DIRECTIONS FOR THIS TASK: Locate the line that contains "Flash Furniture Square" in the entries below, then repeat it and every following line through the line that contains "BIG TOP DEALS", exactly, and no others.

RECORDS FOR THIS TASK:
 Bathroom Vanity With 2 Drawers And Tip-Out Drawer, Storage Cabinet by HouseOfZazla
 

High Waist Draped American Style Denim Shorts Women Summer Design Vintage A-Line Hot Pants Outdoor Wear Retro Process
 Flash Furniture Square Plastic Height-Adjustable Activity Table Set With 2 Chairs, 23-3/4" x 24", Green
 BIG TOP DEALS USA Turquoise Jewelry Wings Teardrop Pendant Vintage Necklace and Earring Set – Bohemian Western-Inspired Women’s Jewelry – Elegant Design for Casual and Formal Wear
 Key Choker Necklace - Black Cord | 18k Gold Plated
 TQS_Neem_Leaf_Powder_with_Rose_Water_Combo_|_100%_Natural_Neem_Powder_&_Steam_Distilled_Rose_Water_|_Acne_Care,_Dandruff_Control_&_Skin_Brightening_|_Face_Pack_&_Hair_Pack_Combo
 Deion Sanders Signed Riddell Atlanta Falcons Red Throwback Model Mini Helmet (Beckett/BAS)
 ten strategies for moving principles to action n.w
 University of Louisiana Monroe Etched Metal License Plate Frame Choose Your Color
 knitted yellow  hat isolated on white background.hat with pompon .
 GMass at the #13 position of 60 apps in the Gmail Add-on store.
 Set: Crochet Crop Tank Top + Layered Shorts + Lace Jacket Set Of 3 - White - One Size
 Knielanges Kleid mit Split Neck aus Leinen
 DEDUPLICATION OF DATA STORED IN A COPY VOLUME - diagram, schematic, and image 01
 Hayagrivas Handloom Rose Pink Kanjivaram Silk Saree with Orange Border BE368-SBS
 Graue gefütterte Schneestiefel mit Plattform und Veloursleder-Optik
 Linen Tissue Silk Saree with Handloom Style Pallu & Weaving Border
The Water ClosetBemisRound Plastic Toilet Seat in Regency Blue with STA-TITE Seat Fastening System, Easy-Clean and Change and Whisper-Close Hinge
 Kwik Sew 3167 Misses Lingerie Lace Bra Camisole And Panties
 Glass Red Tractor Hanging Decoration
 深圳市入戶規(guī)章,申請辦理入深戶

ANSWER FOR THIS EXERCISE:
 Flash Furniture Square Plastic Height-Adjustable Activity Table Set With 2 Chairs, 23-3/4" x 24", Green
 BIG TOP DEALS USA Turquoise Jewelry Wings Teardrop Pendant Vintage Necklace and Earring Set – Bohemian Western-Inspired Women’s Jewelry – Elegant Design for Casual and Formal Wear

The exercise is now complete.